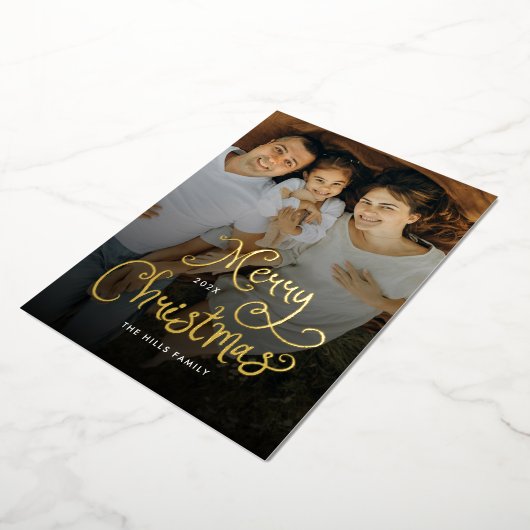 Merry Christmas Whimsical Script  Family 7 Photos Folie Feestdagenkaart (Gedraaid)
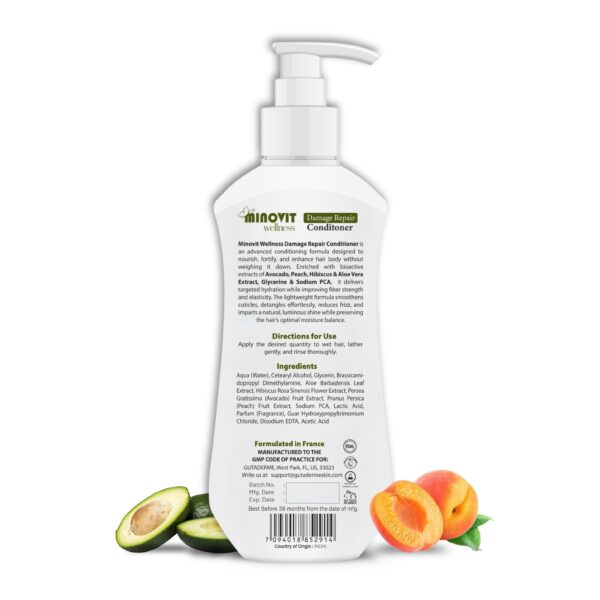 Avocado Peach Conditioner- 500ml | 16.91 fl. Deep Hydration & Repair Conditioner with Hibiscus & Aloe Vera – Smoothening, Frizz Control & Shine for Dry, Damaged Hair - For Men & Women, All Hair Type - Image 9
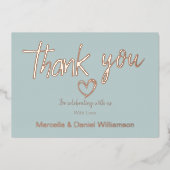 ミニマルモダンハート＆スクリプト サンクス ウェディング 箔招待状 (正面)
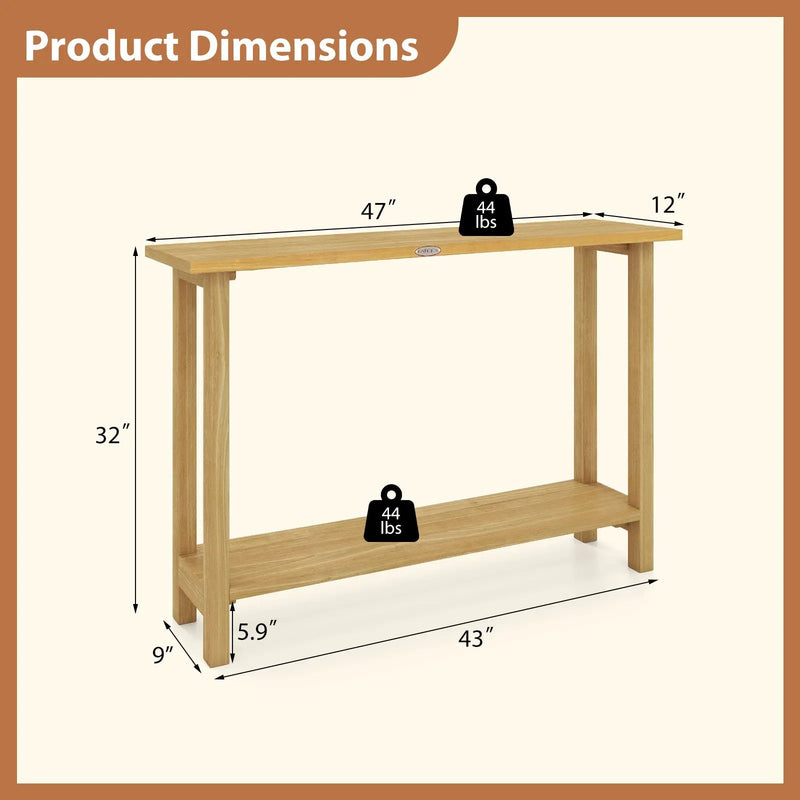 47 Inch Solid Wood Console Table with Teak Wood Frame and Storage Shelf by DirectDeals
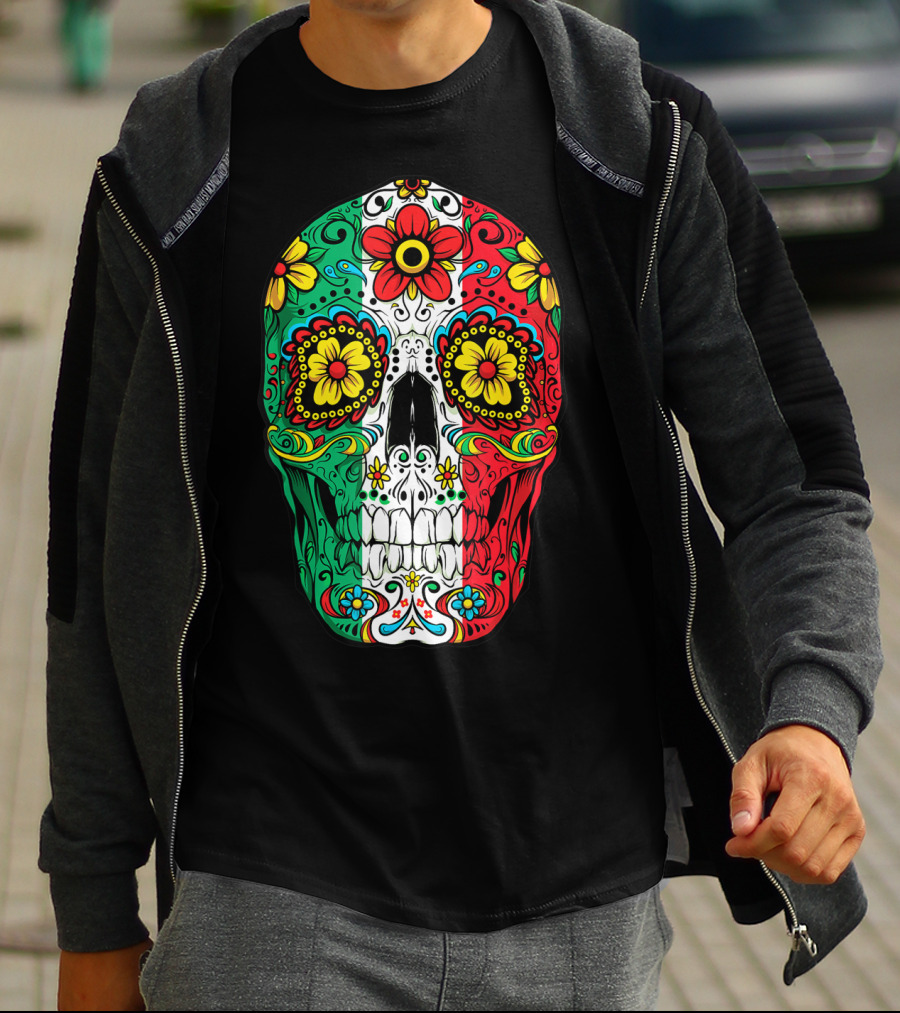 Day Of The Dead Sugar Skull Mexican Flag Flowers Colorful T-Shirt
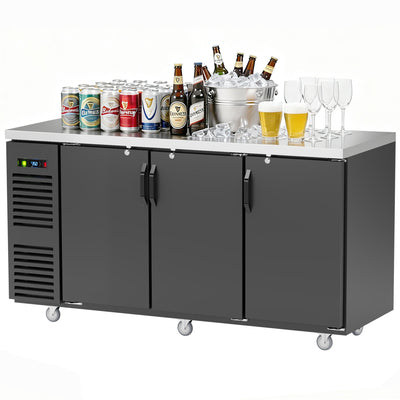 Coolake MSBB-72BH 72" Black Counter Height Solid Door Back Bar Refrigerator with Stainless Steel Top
--
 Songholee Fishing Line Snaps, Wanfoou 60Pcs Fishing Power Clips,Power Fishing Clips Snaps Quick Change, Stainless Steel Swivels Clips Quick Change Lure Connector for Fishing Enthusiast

● TASK DIRECTIONS:
In the listing above, find the line containing "Merry Christmas Whimsical" and the line containing "Stainless Steel Top", then write out both of them and every line between, exactly, with no pictures.

● OUTPUT FOR THIS TASK:
 Merry Christmas Whimsical Script  Family 7 Photos Folie Feestdagenkaart (Gedraaid)
 Avocado Peach Conditioner- 500ml | 16.91 fl. Deep Hydration & Repair Conditioner with Hibiscus & Aloe Vera – Smoothening, Frizz Control & Shine for Dry, Damaged Hair - For Men & Women, All Hair Type - Image 9
 ミニマルモダンハート＆スクリプト サンクス ウェディング 箔招待状 (正面)
 47 Inch Solid Wood Console Table with Teak Wood Frame and Storage Shelf by DirectDeals
 Day Of The Dead Sugar Skull Mexican Flag Flowers Colorful T-Shirt
 Coolake MSBB-72BH 72" Black Counter Height Solid Door Back Bar Refrigerator with Stainless Steel Top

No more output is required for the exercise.